Understanding and Utilizing Cricket Monitor Thresholds

Although designed as a real-time data collection and trending tool, real-time alerts (or alarms) are a natural extended functionality for Cricket. Unfortunately, because they are not a part of the core design, the alert mechanisms in Cricket are not as cleanly implemented or efficient as they could be. If your interest is purely in a tool to generate real-time alerts, then Cricket is probably not the best choice. But if you already utilize Cricket for data collection and real-time trend analysis and you have the additional need for some light real-time alerting mechanism, then Cricket can meet your needs.

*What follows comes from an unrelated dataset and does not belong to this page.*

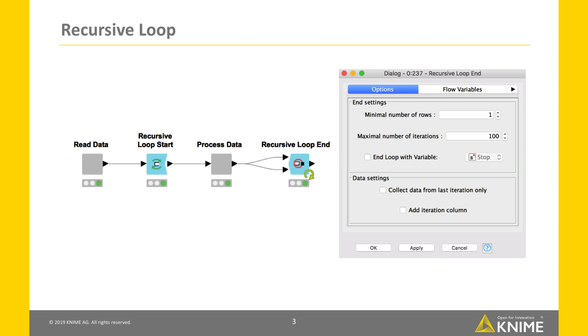The configuration dialog has also some settings that define the node output. If the checkbox Collect data from last iteration only is activated, the node outputs only the data from the last iteration. This means that data from previous iterations are discarded. Otherwise, it concatenates and outputs all the data from the intermediate iterations.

In Cricket, the alert mechanism is called a monitor threshold. Monitor thresholds are set (or enabled) for specific data sources through the monitor-thresholds target dictionary tag. After the data collection pass, Cricket processes each monitor threshold by retrieving the most recent value of a data source from the RRD file and applying some criteria specific to the monitor threshold type. This criteria generates either a pass or fail condition. Depending on the setting of the persistent-alarms tag for the target, Cricket executes a specified action.

Note that the most recent value of a data source from the RRD file will not necessarily agree with the most recent value fetched from by the collector because RRDtool interpolates.  For those familiar with RRD tool internals, the "most recent value" is retreived from the first RRA in the file with a consolidation function of AVERAGE. The order of RRAs in the file is specified by the rra tag in the targetType dictionary.

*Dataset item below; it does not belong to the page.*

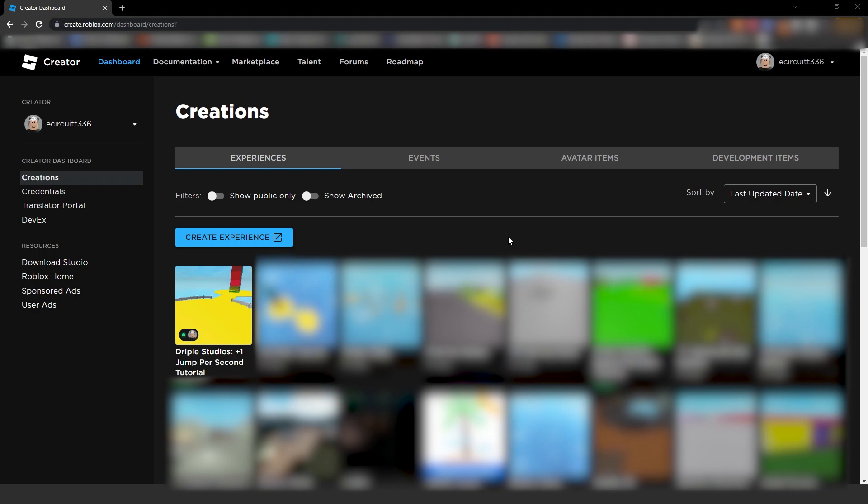Hey everyone, today I'm going to show you how to add a game pass to add another jump per second in your jump per second game. Let's get into it.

Note that a monitor threshold configured for a multi-instance (aka vector instances) target will be checked and an action possibly executed for each instance. Monitor thresholds are not supported for multi-targets (as multi-targets are purely a construct of the Cricket grapher).

Syntax

monitor-thresholds = "<monitor-threshold> [, <monitor-threshold> ...]"

<data source> := a data source defined for the target; Case sensitive.

<monitor type> := One of the six supported types: exact, value, relation, hunt, quotient, or failures. Case insensitive.

<monitor type args> := a colon-delimited list of arguments specific to each monitor type. Case sensitive

<ACTION> := One of six supported actions: SNMP, MAIL, EXEC, FUNC, META or FILE. Case insensitive.

<action args> := a colon-delimited list of arguments specific to each action. Case sensitive in most cases.

<SPAN> := Spanning keyword: SPAN. Case insensitive.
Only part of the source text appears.